Entre temps, la moitié du quatuor originel a rejoint les rangs du corps enseignant, un troisième quart n’étant guère éloigné de ces mêmes parages (le quatrième quart ne s’y faisant définitivement pas prendre). Malgré cette entrée dans la vie active, R.A.B. poursuit tranquillement son existence : une nouvelle exposition, intitulée Contamination, a lieu en mai 2005 dans le 18ème arrondissement de Paris. Elle réunit six Eugènes de Rastignac, montés à la capitale, les six mêmes personnes que la fois précédente. Même principe : une seule nuit voit se dérouler vernissage et exposition.
Et maintenant ?
Après l’échec public d’une nouvelle exposition à Mantes-la-Jolie en décembre 2005, chaque membre du groupe poursuit de son côté, entre les réunions, sa démarche personnelle avec plus ou moins d’assiduité, avec souci assurément : Tony Guillois peint et déchire sur grands formats des chairs en souffrance ; Jérôme Gueffier (Lagueff) désamorce, par des figurations colorées au graphisme et à la propreté industrielles, sa proximité angoissée d’Eros et Thanatos ; Laurent Dupont a orienté son travail vers l’édition de livres d’artistes et l’organisation d’expositions d’artistes édités dans sa collection Le Sot l’y laisse ; Erwan Feigna construit des systèmes de projections d’images, avec projecteurs de lumières, ventilateurs, miroirs, etc., tout en continuant à peindre.

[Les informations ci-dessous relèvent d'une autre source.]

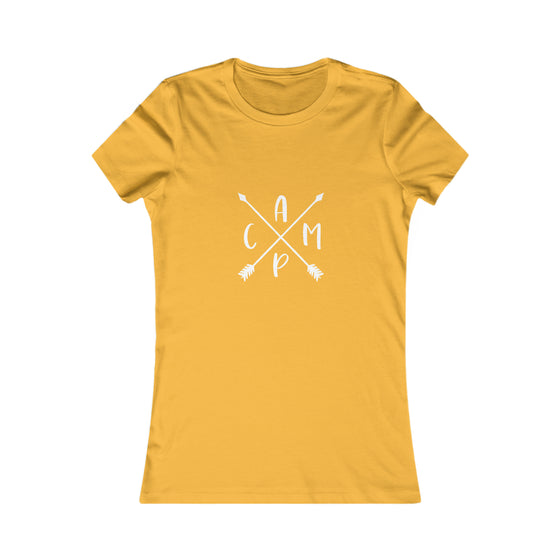 Camp Arrows Logo Camping | Women’s Bella Canvas |  Soft Style Tee T-Shirt | Chill Stitch Clothing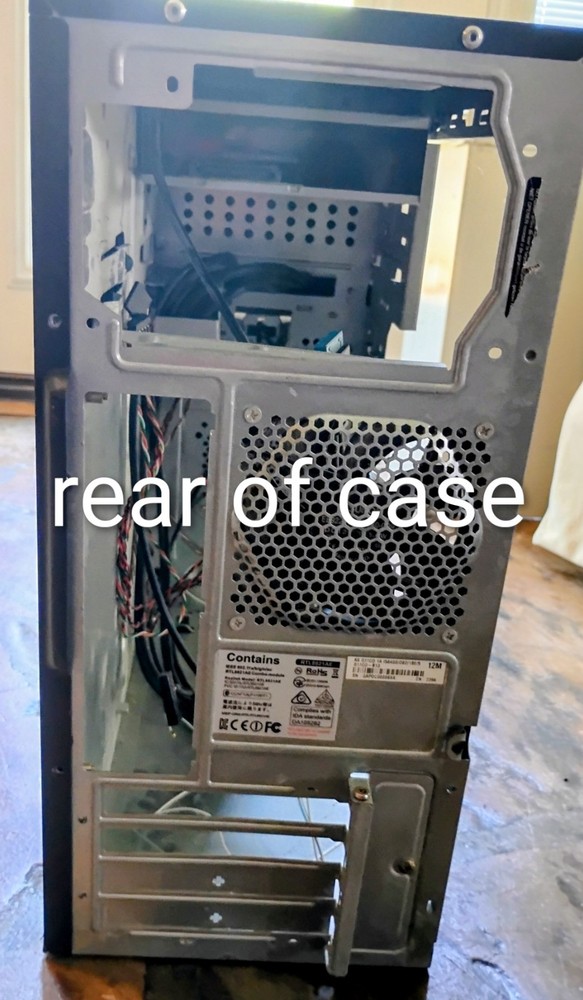 Black Asus G11CD Gaming PC Case with DVD
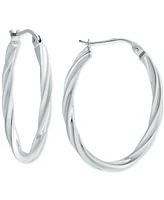 Giani Bernini Oval Twist Small Hoop Earrings, Created for Macy's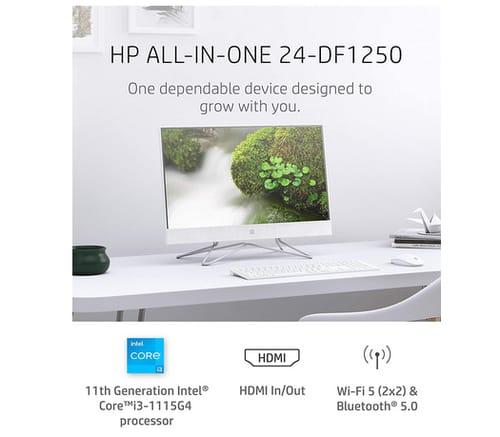 2021 HP 24-dp1250 All-in-One Desktop PC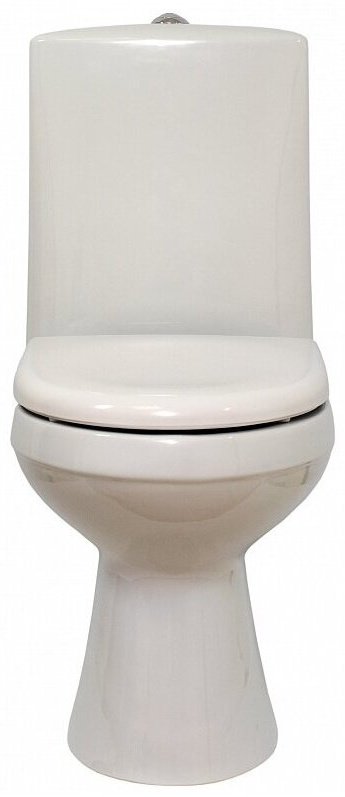Оскольская Керамика унитаз-компакт Леда ЛЮКС белый, санфарфор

Alors, marrants les mecs de R.A.B. ? L’objectif de leurs réunions est assurément de se marrer, oui… Ils aimeraient avoir le culot de ne faire que n’importe quoi, ou la force que rien de ce qu’ils font ne soit n’importe quoi. Le postérieur entre ces deux chaises trop lointaines, il tâchent à la fois de faire le plus sérieusement possible individuellement – ce sont les œuvres aux murs – et le moins sérieusement possible collectivement – c’est ce qui se passe entre les murs. Ce sont du moins les objectifs, une manière de les comprendre en tout cas.
Entre deux chaises, R.A.B. est un sale gosse avec un bon fond, ou peut-être un enfant sage qui rêve de faire un croche-pied à la maîtresse ; il a dans les deux cas largement dépassé l’âge.